This also happens in compltely normal operation, like if you're using a TCP-base...

wumpus · on Aug 23, 2016

Uh, no. Alltoall is a challenge for MPI, but not for the reason you describe. TCP windows mean that the receivers aren't the problem. It's all the switch queues in the middle.

dekhn · on Aug 23, 2016

welp, I measured the problem on my machines, and enabling pause frames on the switches fixed the problem...

vardump · on Aug 23, 2016

TCP windows won't save you. TCP has no way to magically know when some buffer is full. Instead it notices packet loss and interprets it as congestion. Which is not what you want, because it can significantly reduce throughput.

r4um · on Aug 23, 2016

Yes it does, receiver side advertises window as 0 and persist timer kicks in. The send call then blocks until window recovers.

vardump · on Aug 23, 2016

That's the problem when you don't really even have any congestion, but just very high packet loss caused by small buffers. Transfer rate drops to nothing.

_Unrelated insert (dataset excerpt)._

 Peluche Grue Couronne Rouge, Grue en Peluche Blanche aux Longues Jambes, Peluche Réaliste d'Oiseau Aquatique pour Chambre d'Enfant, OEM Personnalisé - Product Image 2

With pause frames you can avoid that situation.

bcook · on Aug 23, 2016

There's many types of TCP congestion algos and not all of them require dropped packets to begin the congestion avoidance.

dekhn · on Aug 23, 2016

In fact, at the time, I was working at LBL in a lab that developed new congestion avoidance algorithms. The problem was that most of our tuning for was for long-range links, while I was using the cluster for local high performance networking.

fanf2 · on Aug 24, 2016

The magic phrase for this problem is "TCP incast"